I have been hunting for a while now and never taken a big buck with my bow so that is my new goal. Which tool is more valuable in finding "the buck" to go after?


----------



## truemule (Sep 12, 2007)

It depends on how much time you can spend scouting. If you don't have a job, have money and enjoy the woods get a spotting scope. If you have a few extra bucks don't have all the time in the world, but have a good idea of wher eyou want to start looking. Get a camera. Spend some time glassing with some binoculars to find the general areas the deer are in. Scout it with a map. Decide where you think you can ambush, set up a camera and see what you get.

Personally I unless you are looking over alot of land spotting scopes aren't all that necessary or useful.


----------



## dkhntrdstn (Sep 7, 2007)

I would say both. You also can add in time in the mountions and time spent behind your spotting scope and binos. Also miles on your boots.if you had to chose one I would say a trail camera so you can look at other place for one in case he not one area.


----------



## Elkoholic8 (Jan 15, 2008)

Well I do have a job, and little money so getting both is out (I have to sell one of my bows to buy a scope or cameras). I have a basic idea of where I want to hunt but the country is very steep, so covering several miles on foot will be tough. I can see where each item would be worth their weight in gold. I have a good pair of binos, so I can glass a little bit with those. I also like the idea of being able to look in two places at the same time.

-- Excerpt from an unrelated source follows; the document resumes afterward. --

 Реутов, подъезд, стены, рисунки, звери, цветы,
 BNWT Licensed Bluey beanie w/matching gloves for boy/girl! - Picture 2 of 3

Thanks for the responces so far!!


----------



## big_bucker (Jul 17, 2008)

personally i would say get the camera, my buddy set his up most of last year and the pictures that he captures are awesome, you will find that there are bucks, and bulls in that area that you might not see with your spotter. and you also get to see what other critters roam the area at night.


----------



## bigbuckhunter64 (May 6, 2008)

Lots of times I havent seen a lot of bucks that roam where I hunt while glassing, but seeing them on camera at night most of the time lets me know they are there and when preasure from hunting comes in, I know where they are going to try and get away to. So I would say a camera


----------



## bowgy (Oct 10, 2007)

I like both too, but I haven't read of any spotting scopes getting stolen while in use :wink:

Just something to think about if you can't afford both at this time.


----------



## MEEN (Jan 27, 2009)

Trail cams are a complete waste of money. Its a gimmick that has a huge marketing compain to tell you that you Need one. Are they cool? Yes. Exciting to see what critters show up? Heck ya. Will they help you harvest a big Buck? No. 

The very most important thing is scouting a large area from one vantage point (trail cams scout a tiny little spot). So it is very important to have a good scope to judge sex and size.


----------



## jahan (Sep 7, 2007)

MEEN said:


> Trail cams are a complete waste of money. Its a gimmick that has a huge marketing compain to tell you that you Need one. Are they cool? Yes. Exciting to see what critters show up? Heck ya. Will they help you harvest a big Buck? No.
> 
> The very most important thing is scouting a large area from one vantage point (trail cams scout a tiny little spot). So it is very important to have a good scope to judge sex and size.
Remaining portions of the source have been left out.